Let’s take a look at the life of Daniel and see an example of someone who lived to make God look big in everything he did.

The name Daniel means “God is my judge.” Daniel lived his life in such a way that he showed to the world that God was his judge. This is displayed in his great dependence on God. God was Daniel’s judge. God is your judge. That means that every single thing you do must be done knowing that you are subject to God’s judgment. Every single good and bad deed you commit will be judged by God one day. When you live your life knowing that God is your judge, everything you do will have a God-centeredness to it.

Daniel and his three friends were taken into exile by King Nebuchadnezzar. He wanted people from Israel who were of royalty, of nobility, young, good looking, wise, and knowledgeable. The king of Babylon wanted the best of the best in Israel to serve him. He had a desire to exalt himself and to glorify himself in the eyes of his own people and also throughout the whole world. Nebuchadnezzar teaches us something about our fallen and broken desires for fame. When we, like this Babylonian king, seek to exalt ourselves, we assume the work of God. God created man to magnify His glory throughout the world. After the Fall, God sent Christ to magnify His glory by redeeming fallen man. He is now filling the earth with His glory by the gospel proclamation of the Church. The moment we stubbornly magnify our name and our glory, we work against the mission of God in the world.

When the king had taken Daniel and his friends, he ordered them to eat only the food that the king ate and to drink what the king drank. They were to be taught the culture and language of the Babylonians. After three years of eating, drinking, and learning the way the king wanted, Daniel, his friends, and all the rest of those taken from Israel would appear before the king.

“But Daniel resolved that he would not defile himself with the king’s food, or with the wine that he drank” (Dan. 1:8).

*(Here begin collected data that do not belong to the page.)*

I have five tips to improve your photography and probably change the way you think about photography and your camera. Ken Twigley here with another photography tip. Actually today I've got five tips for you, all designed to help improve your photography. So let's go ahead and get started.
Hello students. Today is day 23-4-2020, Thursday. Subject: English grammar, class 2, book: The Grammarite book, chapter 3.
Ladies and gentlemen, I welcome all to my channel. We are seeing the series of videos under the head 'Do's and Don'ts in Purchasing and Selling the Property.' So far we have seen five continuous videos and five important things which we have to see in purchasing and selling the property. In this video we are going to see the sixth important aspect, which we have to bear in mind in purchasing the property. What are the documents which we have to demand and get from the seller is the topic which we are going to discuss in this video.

Daniel refused to eat and drink what the king required because he knew that doing so would be wrong. How so? Because the food was rotten or poisonous? No, the king ate the same food! Why then? Because eating this food would be sinful against God. There is only one God and Daniel shows us that this God is sovereign over all things and all people, including the king of Babylon. While Nebuchadnezzar commands Daniel and his friends to eat and drink according to his standard, Daniel’s primary allegiance is to God and His standard.

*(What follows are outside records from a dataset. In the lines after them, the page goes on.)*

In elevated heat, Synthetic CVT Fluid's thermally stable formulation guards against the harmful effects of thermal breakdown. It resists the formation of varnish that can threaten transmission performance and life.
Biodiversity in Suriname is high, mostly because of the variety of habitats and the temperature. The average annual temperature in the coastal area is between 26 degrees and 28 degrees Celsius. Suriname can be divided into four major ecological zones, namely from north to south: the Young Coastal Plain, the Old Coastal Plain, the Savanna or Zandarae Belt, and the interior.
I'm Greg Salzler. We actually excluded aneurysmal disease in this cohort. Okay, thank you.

Eating and drinking for Daniel and his friends were God issues. They basically asked themselves, “Can we glorify God by eating and drinking what the king gives us?” The answer was no. Do you ever ask yourself this question? This is the most important question to ask when you have a tough decision to make. Can I make God look big and great and awesome by doing this? Or will he look small and unimportant?

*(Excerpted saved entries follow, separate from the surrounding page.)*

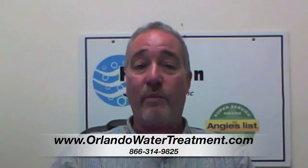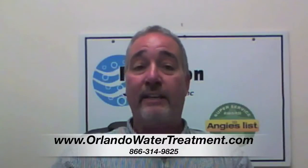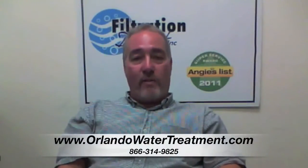If you found this video, you have questions about water treatment in Kissimmee. The question is, why does my water smell?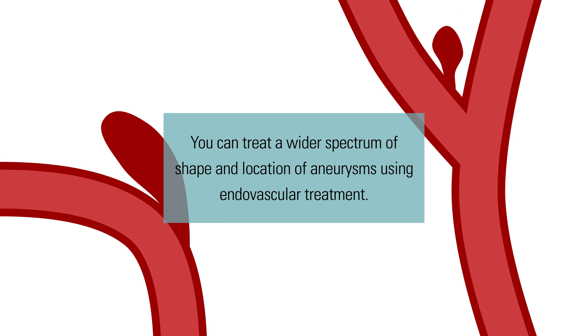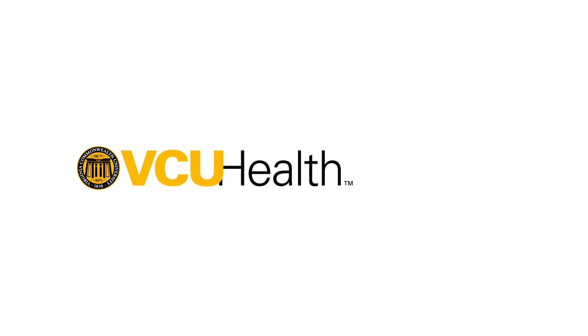Increasingly, we can treat a wider spectrum of shape and location of aneurysms with the vascular approach. The two treatments are complementary, and one of the advantages here is we do both treatments. We who do cerebrovascular neurosurgery consider every case individually — not what is typically done, but what's the best treatment for this individual patient, with this individual aneurysm, in this location, in this situation. Every case is really considered on an individual basis.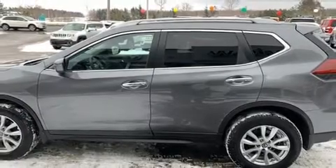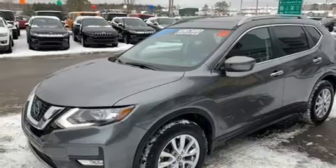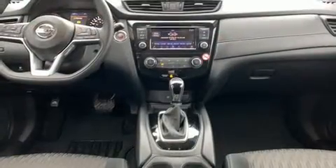You and your passengers will enjoy the stereo system, which includes a CD player with MP3 capability, steering wheel mounted audio controls, and six well-positioned speakers.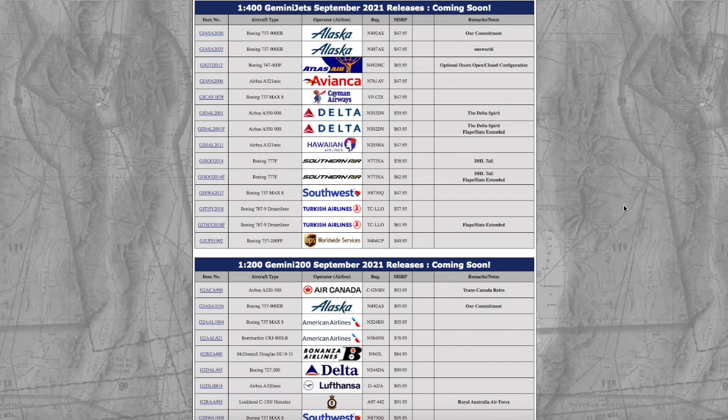What is up everybody, Garden State Aviation here, back with another video. In this video, we're going to be taking a look at Gemini Jets September 2021 1:400 and 1:200 releases. Without further ado, let's get started.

God is sovereign over every area of every life. Man will either submit to the will of God or rebel against Him. The humble servant will magnify the majesty of God. The proud rebel will magnify his own glory. Are you magnifying the majesty of God in every area of your life? God was the center of Daniel’s life. Is God the center of your life? How can you begin living a God-centered life in a man-centered world?